**How to complete this task:** For the material below, reproduce exactly each line from the one that has "SERA Pond Flakes" through the one that has "1/4 Carat TW", and no others; pictures stay out.

==== Dataset entries

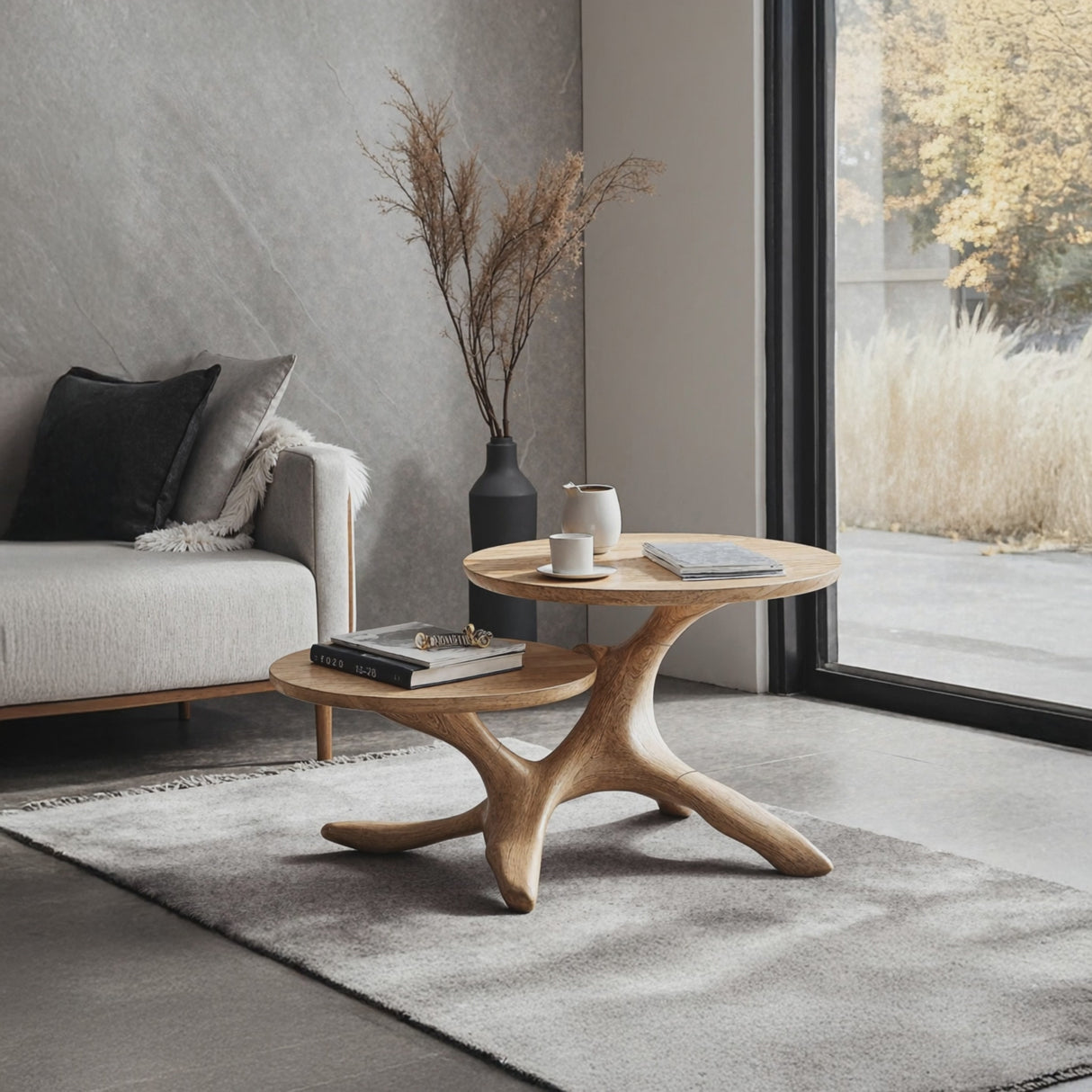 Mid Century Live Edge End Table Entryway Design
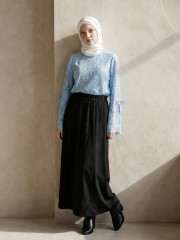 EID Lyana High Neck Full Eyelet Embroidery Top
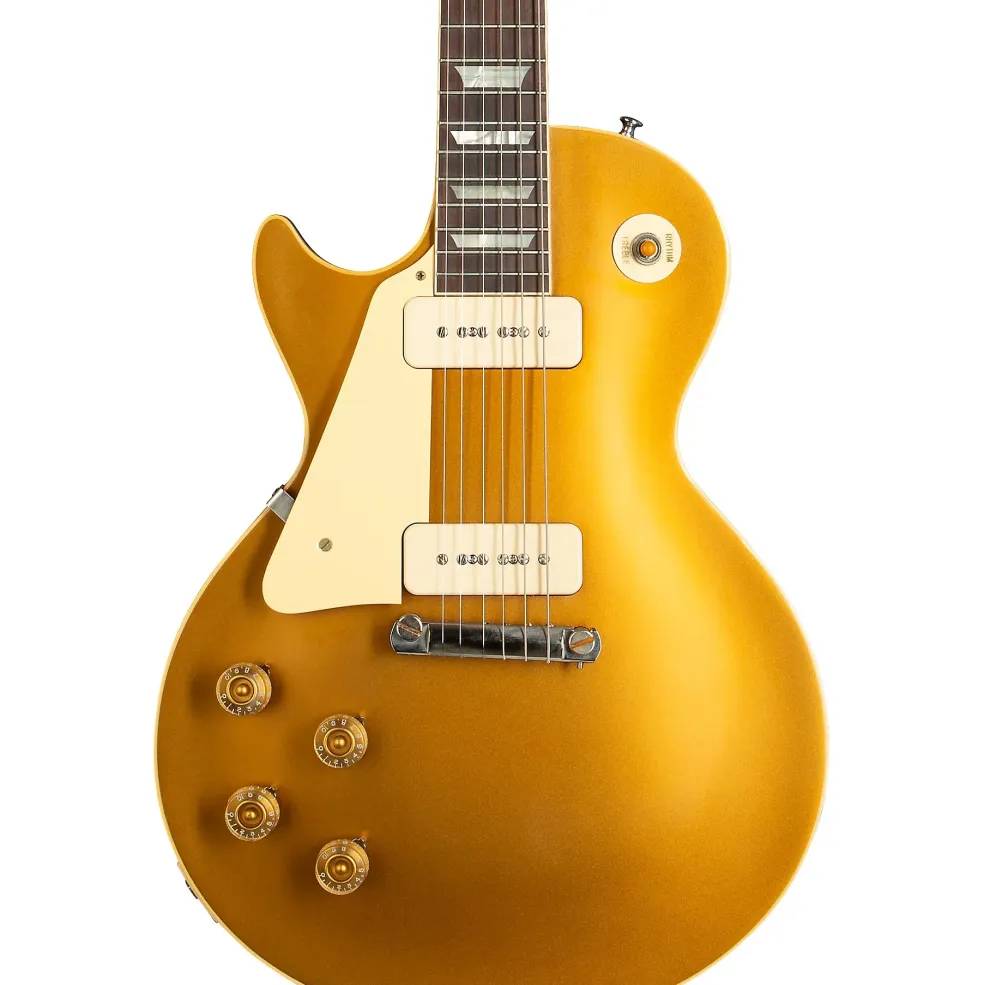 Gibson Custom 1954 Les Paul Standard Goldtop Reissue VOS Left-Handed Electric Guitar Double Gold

========
==== Dataset entries

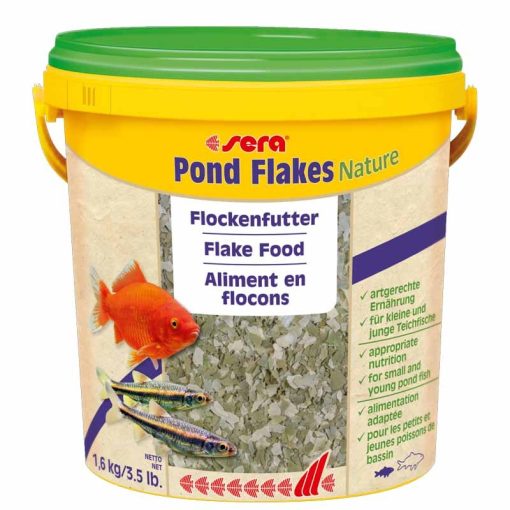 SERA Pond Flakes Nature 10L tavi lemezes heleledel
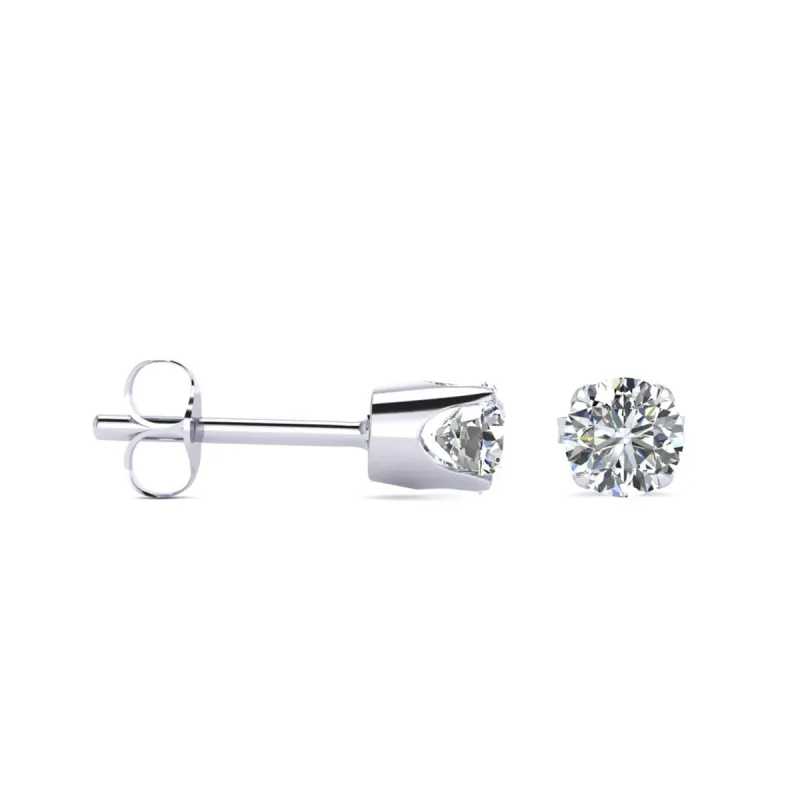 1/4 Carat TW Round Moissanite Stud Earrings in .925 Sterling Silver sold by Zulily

========

**Result for this exercise:**
 SERA Pond Flakes Nature 10L tavi lemezes heleledel
 1/4 Carat TW Round Moissanite Stud Earrings in .925 Sterling Silver sold by Zulily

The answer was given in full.